Published July 12, 2013
LOS ANGELES – First time writer/director Ryan Coogler’s independent drama “Fruitvale Station” opens for a limited theatrical release Friday, coinciding with the closing arguments of the George Zimmerman trial.
The highly-anticipated film, which won top jury and audience prizes at the Sundance Film Festival this year, is based on the true life tale of the hours leading up to the death of 22-year-old black Oakland man Oscar Grant, who was shot dead by a BART police officer on New Year’s 2009 despite being unarmed and having committed no crime. The transit officer who shot Grant claimed was convicted of involuntary manslaughter, which sparked riots in the Bay area, which some fear could be repeated depending on the Zimmerman verdict.
The Zimmerman trial has indeed become a promotional point for the film. A marketing photo uploaded to the movie’s Facebook page features a still image from the film of actor Michael B. Jordan, who plays Grant, illuminated with a quote from Coogler:
“Anytime someone’s life is lost and there’s an inkling of politics involved, that person is not around to defend himself and his character gets pulled in different directions depending on what side of the fence you sit on," the quote reads. "We saw it happen with Trayvon Martin, and it shows no signs of slowing down.”
According to TheWrap, TV ads for “Fruitvale Station” also aired this week during coverage of the Zimmerman trial, although the official marketing campaign developed by its studio the Weinstein Company does not made specific mention of Martin’s death. A rep for the studio told the entertainment publication that their ad buy was not necessarily intended to connect with trial coverage, but to reach a crossover audience including cable news. The film was also written prior to Trayvon Martin’s killing, but the teen's death was a top news story as “Fruitvale Station” started filming in Oakland, Calif.
So is the apparent linking of Coogler's fiml to the Martin shooting and Zimmerman trial in poor taste? Some think so.
“It’s absolutely inappropriate and morally wrong to use a high profile case to create publicity and buzz about a movie release. But capitalize on political bias and a high profile case together, and Hollywood thrives on it,” entertainment and political publicist, Angie Meyer, told FOX411’s Pop Tarts column.
Dan Gainor, VP of Business and Culture at the Media Research Center, said Coogler’s comments are an attempt to pre-judge the trial.
“Hollywood only believes a person is innocent if they are liberal or one of the many approved minority groups," he said. “Of course, the trailer includes the classic movie get-out-of-jail-free line: ‘based on a true story.’ That means they can make up as much as they want and then sell it to the public as truth.”
The film’s stars have also drawn likenesses between this based-on-real-life story and that of Trayvon Martin while on the promotional circuit.
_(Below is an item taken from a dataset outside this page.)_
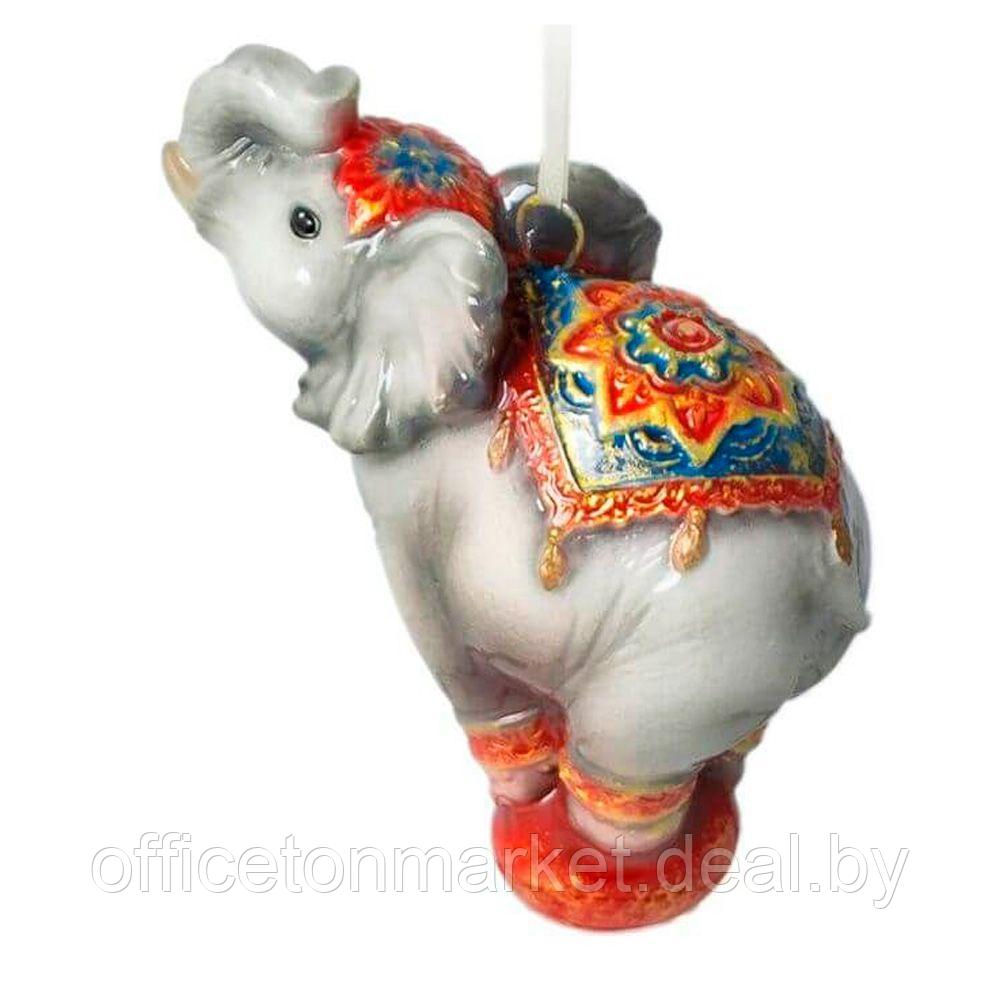 Украшение елочное "Цирковой слон", серый, красный - фото 3 - id-p194261181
“There are so many things that happen like this all the time, the Trayvon Martin thing had just happened,” co-star Melonie Diaz said in response to a question from BlackTreeTV about why she wanted to be part of the film after initially reading the script. “I always wished I was more political, but I’m not. So this was a great chance to exercise my voice and be part of a movement because these things do matter. I just didn’t know how to involve myself.”
Much of the press coverage surrounding the critically-acclaimed movie has also drawn correlations between its story and Martin's shooting.
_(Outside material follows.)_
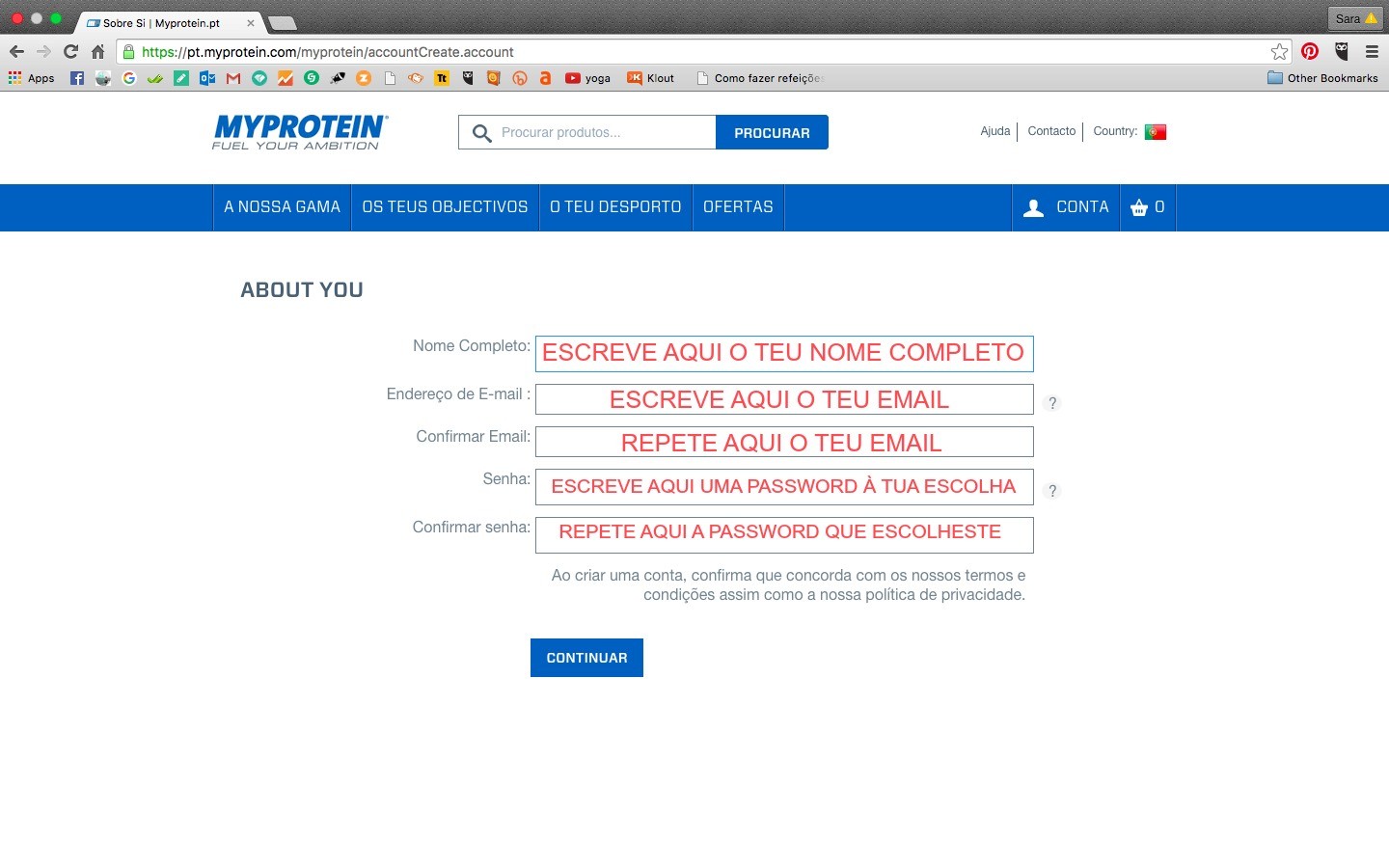 Passo 2 - preencher dados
“As the film hits theaters, the Trayvon Martin case is continuing to play out on cable news,” noted a review in the L.A Times which called the similarities in the overall circumstances “unmistakable.” “Audiences who come out to see the film will ride down a kind of two-way street of fact-based moviegoing. ‘Fruitvale’ might help them understand the Martin case. Or the Martin case might make them yearn to learn more about the events described in ‘Fruitvale.’”
A New York Times article on the film also noted that the Grant incident “incited protest, unrest and arguments similar to those that would swirl around the killing of Trayvon Martin in Florida a few years later. The deaths of these and other African-American young men touch some of the rawest nerves in the body politic.”
The Weinstein Company did not respond to a request for comment.